Venture capital companies will only step in to invest in the marketing of the product, though the potential of technology for high returns is evident in increased activity. This year Smurfit Venture Investments made nine investments, five of which were in the technology sector. Next year, Mr John McInerney, chief executive of Smurfit Venture Investments, predicts a significant increase in these numbers, with the bias towards technology remaining.

"The trend will continue to aid marketing and not start-ups unless the fees to venture capital companies are increased to manage a start-up. We would be interested in getting involved at the start, but until there is a change in fee structure we can't consider it," says Mr Maurice McHenry, managing director of the ICC software fund.

"Venture capital companies will only target blue-chip clients with a proven product, an excellent management team and money in the bank then they will rush to you with funding," says Ms Cryan.

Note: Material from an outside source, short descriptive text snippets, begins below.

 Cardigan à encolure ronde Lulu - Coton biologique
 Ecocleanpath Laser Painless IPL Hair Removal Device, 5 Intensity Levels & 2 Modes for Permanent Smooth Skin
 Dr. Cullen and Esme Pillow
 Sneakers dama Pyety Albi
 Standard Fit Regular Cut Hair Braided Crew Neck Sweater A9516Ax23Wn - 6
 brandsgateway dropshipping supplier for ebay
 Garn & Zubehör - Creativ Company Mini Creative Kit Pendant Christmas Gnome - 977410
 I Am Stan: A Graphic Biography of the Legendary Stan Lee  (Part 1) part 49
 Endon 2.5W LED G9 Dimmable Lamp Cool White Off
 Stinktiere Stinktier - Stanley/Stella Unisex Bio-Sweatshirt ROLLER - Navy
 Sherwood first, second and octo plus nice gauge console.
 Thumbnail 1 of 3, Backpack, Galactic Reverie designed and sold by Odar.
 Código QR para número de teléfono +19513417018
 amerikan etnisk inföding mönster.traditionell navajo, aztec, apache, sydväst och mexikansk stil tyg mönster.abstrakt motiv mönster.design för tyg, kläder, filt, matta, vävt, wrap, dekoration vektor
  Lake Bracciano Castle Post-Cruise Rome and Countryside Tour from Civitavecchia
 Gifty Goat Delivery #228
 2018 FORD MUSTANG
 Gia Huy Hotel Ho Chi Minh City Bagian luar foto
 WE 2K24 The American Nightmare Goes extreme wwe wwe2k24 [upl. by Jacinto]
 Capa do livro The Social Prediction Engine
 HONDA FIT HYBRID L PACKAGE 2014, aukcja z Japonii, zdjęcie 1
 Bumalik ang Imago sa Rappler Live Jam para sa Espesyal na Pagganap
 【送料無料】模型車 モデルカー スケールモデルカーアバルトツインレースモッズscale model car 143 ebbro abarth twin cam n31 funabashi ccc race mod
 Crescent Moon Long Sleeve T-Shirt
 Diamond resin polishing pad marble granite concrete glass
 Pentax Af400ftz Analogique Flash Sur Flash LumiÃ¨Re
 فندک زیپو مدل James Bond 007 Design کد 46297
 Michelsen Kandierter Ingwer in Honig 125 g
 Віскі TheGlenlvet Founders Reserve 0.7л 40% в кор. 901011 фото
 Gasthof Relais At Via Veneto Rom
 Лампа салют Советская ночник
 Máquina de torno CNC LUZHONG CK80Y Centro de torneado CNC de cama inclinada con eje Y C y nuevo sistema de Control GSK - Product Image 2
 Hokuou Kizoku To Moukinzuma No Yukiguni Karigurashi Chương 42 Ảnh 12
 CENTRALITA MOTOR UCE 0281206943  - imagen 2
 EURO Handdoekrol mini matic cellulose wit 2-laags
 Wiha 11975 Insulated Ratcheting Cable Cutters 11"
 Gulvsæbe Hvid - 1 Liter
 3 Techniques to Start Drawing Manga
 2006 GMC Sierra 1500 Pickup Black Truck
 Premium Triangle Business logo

For this reason, the Irish Software Association is looking into developing a formalised structure to get successful IT companies to reinvest in the industry at a risk capital stage. This could help counter the affect on the Business Expansion Scheme (BES) of a total investment limit of 250,000, which was introduced in the recent budget.

The skills shortage problem is endemic in the technology sector, and is cited in every quarter as an area of serious concern. It is widely accepted the recently announced £250 million Education Technology Investment Fund, and the 40 million schools IT programme will go a long way towards alleviating the problem, but only in the long term.

In the shorter term, many companies are starting to recruit from Eastern Europe. The problem will also lead to spiralling cost bases for companies as they compete for staff on price. In the last three to four years, salary costs in software companies have risen from 15-30 per cent of total costs.

"Funding universities takes four years to produce results. In the meantime we need to work on accelerating the upgrading of skills within companies. Creating career progression within the sector makes it more progressive and attractive to work in," says Ms McLister.

The Year 2000 and Economic and Monetary Union (EMU) will present major technology headaches for many companies this year. These issues will impact on all sectors of the economy, and those who have not prepared themselves at this stage have a great deal of catching up to do. A recent survey conducted by PA Consulting Group, found that only 16 per cent of smaller organisations have a millennium programme in place.

"The SME sector currently is a major employer and focus for growth. Going forward we must question the management competence, levels of dependency on external IT service providers and business planning in the sector. Once the millennium problem hits their systems, the business impact could be horrendous," says Mr Ray Nulty, PA's practice head in Ireland.

Similarly EMU awareness needs to be heightened, as many business will have to completely overhaul general ledger, accounts receivable and accounts payable applications when cashless transactions are introduced on January 1st, 1999.